So in practice, while we are discussing the usage of the Stream interface for Series, I think effectively it would be for both DataFrame and Series (or would be there a reason to handle those differently? maybe for tabular data people generally expect more to work with streams, as in contrast to single columns/arrays?)

WillAyd commented 3 weeks ago

@jorisvandenbossche that's super cool - I did not realize Arrow created RecordBatches in that fashion. And that's zero-copy for the integral array in your example?

In that case then maybe we should export both the stream and array interfaces. I guess there's some ambiguity as a consumer if that is a zero-copy exchange or not, but maybe that doesn't matter (?)

WillAyd commented 3 weeks ago

Another consideration point is how we want to act as consumers of Arrow data, not just as a producer. If we push developers towards preferring stream data in this interface, the implication is that as a consumer we would need to prefer Arrow chunked array storage for our arrays.

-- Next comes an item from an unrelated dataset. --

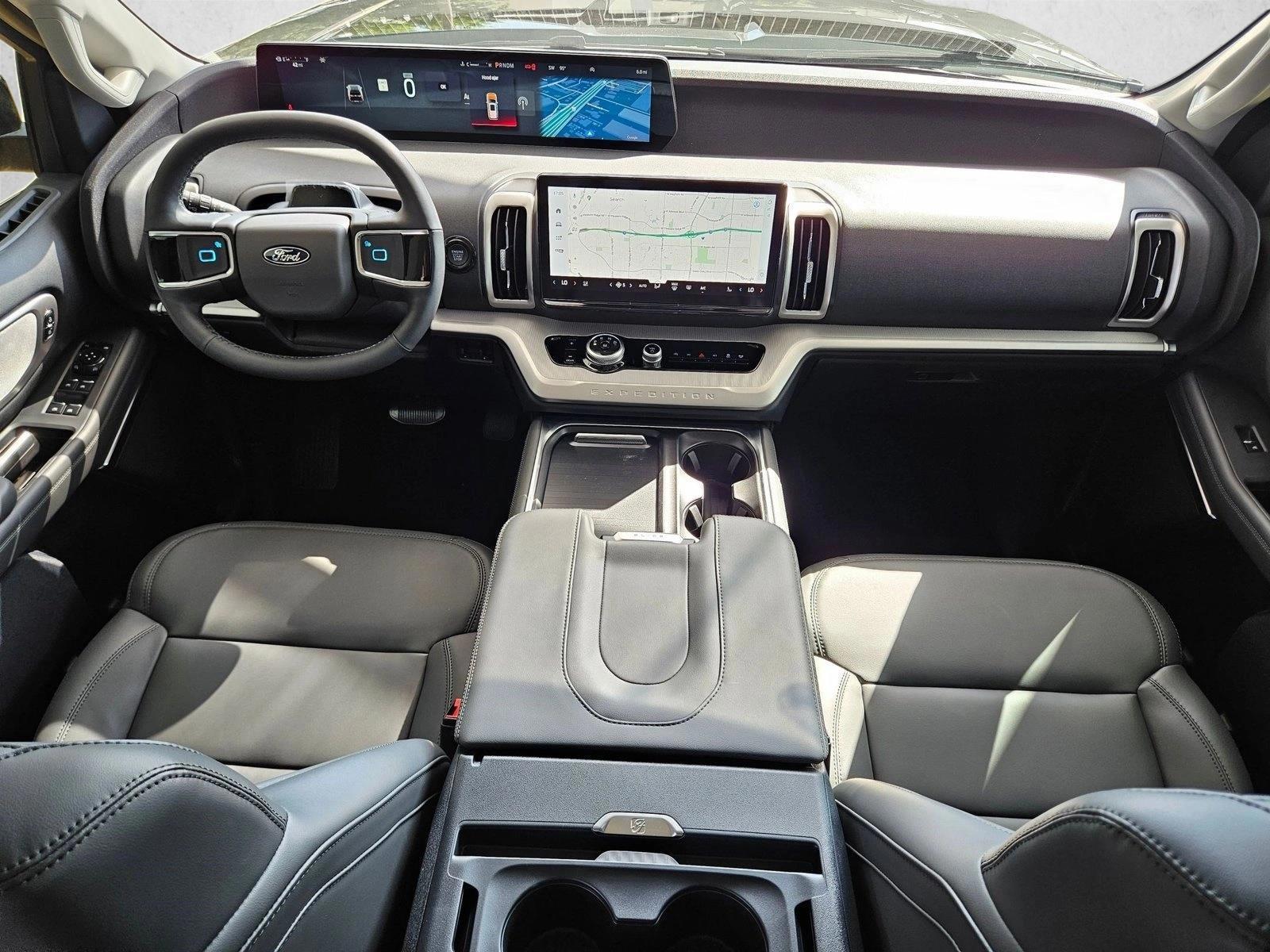 Thumbnail: 2026 Ford Expedition - 4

I'm not sure that is a bad thing, but its different than where we are today

kylebarron commented 3 weeks ago

My general position is that PyCapsule Interface producers should not make it unintentionally easy to force memory copies. So if a pandas series could be either chunked or non-chunked, then only the C Stream interface should be implemented. Otherwise, implementing the C Array interface as well could allow consumers to unknowingly cause pandas to concatenate a series into an array.

IMO, the C Array interface should only be implemented if a pandas Series always stores a contiguous array under the hood. It's easy for consumers of a C stream to see if the stream only holds a single array (assuming the consumer materializes the full stream)

jorisvandenbossche commented 3 weeks ago

And that's zero-copy for the integral array in your example?

AFAIK yes

the implication is that as a consumer we would need to prefer Arrow chunked array storage for our arrays.

That's already the case for dtypes backed by pyarrow, I think. If you read a large parquet file, pyarrow will read that into a table with chunks, and converting that to pandas using a pyarrow-backed dtype for one of the columns will preserve that chunking.

WillAyd commented 3 weeks ago

My general position is that PyCapsule Interface producers should not make it unintentionally easy to force memory copies. So if a pandas series could be either chunked or non-chunked, then only the C Stream interface should be implemented.

Thanks, this is good input. I'm bought in!

If you read a large parquet file, pyarrow will read that into a table with chunks, and converting that to pandas using a pyarrow-backed dtype for one of the columns will preserve that chunking.

Cool! I don't think I voiced it well, but my major concern is around our usage of NumPy by default. For the I/O operation you described, I think the dtype_mapper will in many cases still end up copying that chunked data into a single array to fit into the NumPy view of the world.

Not trying to solve that here, but I think with I/O methods there is some control over how you want that conversion to happen. With this interface, I don't think we get that control? So if we produced data from a NumPy array, sent it to a consumer that then wants to send back new data for us to consume, wouldn't we be automatically going from NumPy to Arrow-backed?

jorisvandenbossche commented 3 weeks ago

So if we produced data from a NumPy array, sent it to a consumer that then wants to send back new data for us to consume, wouldn't we be automatically going from NumPy to Arrow-backed?

We don't yet have the consumption part in pandas (I am planning to look into that in the near future, but let that not stop anyone to already do that), but if we have a method to generally convert Arrow data to a pandas DataFrame, that in theory could have a similar keyword as other IO methods to determine which dtypes to use.

WillAyd commented 3 weeks ago

Makes sense. So for where we are on main now I think we just need to make it so that the implementation doesn't always copy (?)

jorisvandenbossche commented 3 weeks ago

Yes, and fix requested_schema handling